Parsing data using Logstash

To fully exploit data from your logs, you need a tool that can parse them, and Logstash is such a tool. As of 5.0, you can use an Elasticsearch “ingest node” to do some of this processing, which can give you a significant performance boost. However, ingest pipelines don’t offer Logstash’s flexibility yet (for example, conditionals), so we’ll concentrate on Logstash in this post.

To build your Filebeat -> Logstash -> Elasticsearch -> Kibana pipeline, you need to install and configure Logstash, and then update the Filebeat configuration to point to Logstash, instead of Elasticsearch. Let’s take it step by step:

First, install Logstash from the same repository:

sudo apt-get install logstash

Then, create a file in /etc/logstash/conf.d/ (say, filebeat.conf), where you’d specify a beats input for Filebeat to connect to. Next, you can parse your data with the grok filter before pushing it to Elasticsearch:

input {

beats {

port => 5044



filter {

grok {

match => [ “message”, “%{COMMONAPACHELOG}” ]



output {

elasticsearch {

hosts => “localhost:9200”



Moving on to Filebeat, you’d comment the whole output.elasticsearch section and configure hosts under output.logstash instead:

### Logstash as output


# The Logstash hosts

hosts: [“localhost:5044”]

To trigger Filebeat to re-send your logs via Logstash, you’ll need to do a few things:

Stop filebeat: sudo service filebeat stop

Remove the registry file, where Filebeat remembers where it left off tailing the Apache log. This will make Filebeat start over again: sudo rm /var/lib/filebeat/registry

Delete the data already indexed in Elasticsearch: curl -XDELETE localhost:9200/filebeat*

Start Logstash (On the server): sudo service logstash start

Start Filebeat (On the client): sudo service filebeat start

Now your logs should be indexed again in Elasticsearch, only now they’re structured, and by default, going to the logstash-* indices. Logstash uses a template similar to Filebeat for its own indices, so you don’t have to worry about settings for now.

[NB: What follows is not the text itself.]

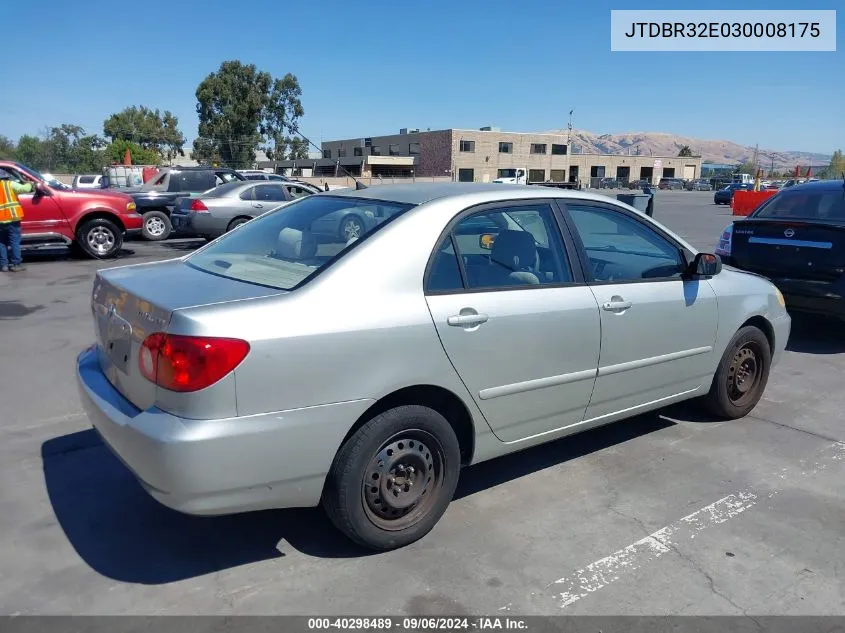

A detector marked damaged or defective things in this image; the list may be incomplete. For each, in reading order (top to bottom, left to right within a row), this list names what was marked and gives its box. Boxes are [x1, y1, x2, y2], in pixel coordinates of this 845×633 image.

cracked pavement [1, 191, 844, 612]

Going back to Kibana, you’d need to point it to the logstash-* (instead of filebeat-*), indices by adding a new index pattern under the Settings tab. You’ll probably also want to set it to default:

Because the Apache logs are now structured, you can search in specific fields, like the response field:

You can also build visualizations that allow you to see the breakdown of responses over time:

As a final note I would recommend monitoring the load of the Elastic Stack environment as growing indexes require more resources. This is achieved by adding more servers into the cluster. This also improves fault tolerance and adding new servers into the cluster require some minor changes to the elasticsearch.yml file so that the nodes know about each other and can form a cluster.

You’ll need at least three nodes in production, so that if one is unreachable, the others can still form a quorum. To define what the quorum size should be to, set discovery.zen.minimum_master_nodes to NUMBER_OF_NODES/2+1. Finally, you can make Elasticsearch listen to an outside interface (instead of the default localhost) via, allowing you to separate Filebeat, Logstash, Elasticsearch, and Kibana, and your browser, to separate machines.